Dictionary meaning of risk is the situation involving exposure to danger, the likelihood of something going against as planned. Before we talk about what are different types of investment risk, they are broadly classified as systematic (huge coverage) and unsystematic one (specific coverage).

investment risk

Systematic risk is applicable to the entire market place. Whatever be the type of investment they come with some in-built risk. Like war or war like situation, an untimely collapse of government etc. The whole market may collapse and it is not possible to protect one’s portfolio from it. Even if one diversifies his holdings he cannot escape the market downfall.

Unsystematic is a specific risk. It affects particular segments of the market, or specific company or specific sector or industry. Like losing a lawsuit, strike by employees, etc. being specific to a certain company. One can control the loss by diversifying investments in portfolio by way of investing into another company or sector.

Apart from these above two broad classifications, there are certain specific types which an investor should know.

  1. Inflation Risk

The real return on your investments gets eroded because of high inflation. If inflation is too high then real returns on your investments can be negative too. In short, your returns should beat inflation by a big margin.

If you invest in FD and get 8% interest per year. And if inflation is 5% then your real return is 3%. But if you invest some financial product where you get 12% return per year than you beat inflation by 7%. In short better the rates of return less susceptible you are towards inflation risk.

  1. Market Risk

Value of your investment may fall due to market risk factors. They can be equity risk (stock market risk), interest rate risk (interest rate fluctuation), currency risk (fluctuation in currency vis-a-vis another currency), and commodity risk (fluctuating in commodity prices)

  1. Credit risk

It is a risk of debt obligation not met. A person or a company who has taken credit from you are unable to pay interest or is unable to return your principal amount.

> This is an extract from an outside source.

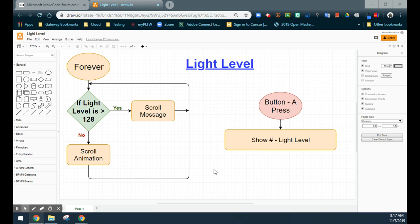Today we're going to take a look at how to use our light level on our micro:bit in order to detect the amount of ambient light that is located in the room. For this assignment, we are going to take a look at our flowchart, which is going to basically ask us to do two different outcomes based on the amount of light that we have.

Government bonds purchased usually has lowest credit risk. In other words investments in government bonds, you are sure to get your investment back along with interest (almost sure but not 100% sure) Though private companies have just a little bit higher credit risk.

Before investing one should check the company’s credit rating by knowing its standing, by reputed rating agencies like CRISIL or CARE or ICRA.

Even banks fixed deposit has some credit risk. In case bank liquidates one will get back the maximum of Rs. 1 Lac as guaranteed by the government.

  1. Country Risk

When ever a country (like Greece) is unable to keep its debt obligations that is defaults its payments, its effects other countries with which it has financial relations and bonds, mutual fund, shares and other financial investment are affected.

Underdeveloped and to some extent developing countries are more at risk as compared to developed ones.

The above risk can be at the micro level (individual) or macro level (country) but they are sure to affect your investments, usually in long run. So it is better that before investing in any financial instruments we should take the risk involved in our investment into account.